Only three months to go!


----------



## Indigo Bully Connection (Dec 21, 2006)

Here's a couple that are much closer to Clermont since i'm a few hours north of her.

Welcome to the Central Florida Fair and Expo Park!

Pasco County Fair Assocation's Gateway to the Fair, Sparklebration and the Pasco Bug Jam

Welcome to the Osceola County Fair and Kissimmee Valley Livestock Show!


----------



## MY MIKADO (Apr 7, 2006)

Thanks Shana.


No the Renaissance Faire doesn't count for me. A fair is all about animals and 4-h and hand crafted items. I love the smell of the barns oh yea can't forget fair food....yummy.


----------



## Aczdreign (Jun 15, 2010)

MY MIKADO said:


> A fair is all about animals and 4-h and hand crafted items.


Ah, well, in that case, no, there are no big fairs around my area. There are little things here and there, livestock showing here and there at festivals and whatnot, but no big gathering specifically for livestock like you're referring to. Not to my knowledge anyway. Maybe that one in Jackson is the closest.

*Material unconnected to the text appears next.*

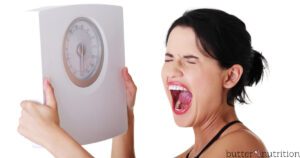 Frustrated woman with scale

We do have Festival International, but like I said, it's based largely on music/arts & crafts than animals.

Mostly what we call 'fairs' around here are more like a parking lot with a few game booths, a crappy DJ, and rusty piles of metal and blinking lights that whirl around.

[EDIT]: Fair for you is all about animals, 4h, and hand crafted items. Also smell of barns, and food. TRF's got you covered on everything but 4-H. I think sometimes people sell ren faires short sometimes.


----------



## MY MIKADO (Apr 7, 2006)

We have sm renaissence fairs around and a big one in the twin cities. They arfe nothing like he county fair tho. The fair is a time to show case the produce and flowers you have raised. Your sewing, craving, beading, knitting, painting ect projects, also the canned goods. It is a time to show off our younge people and their many talents. There are games and rides but that is a small part of our fairs.


----------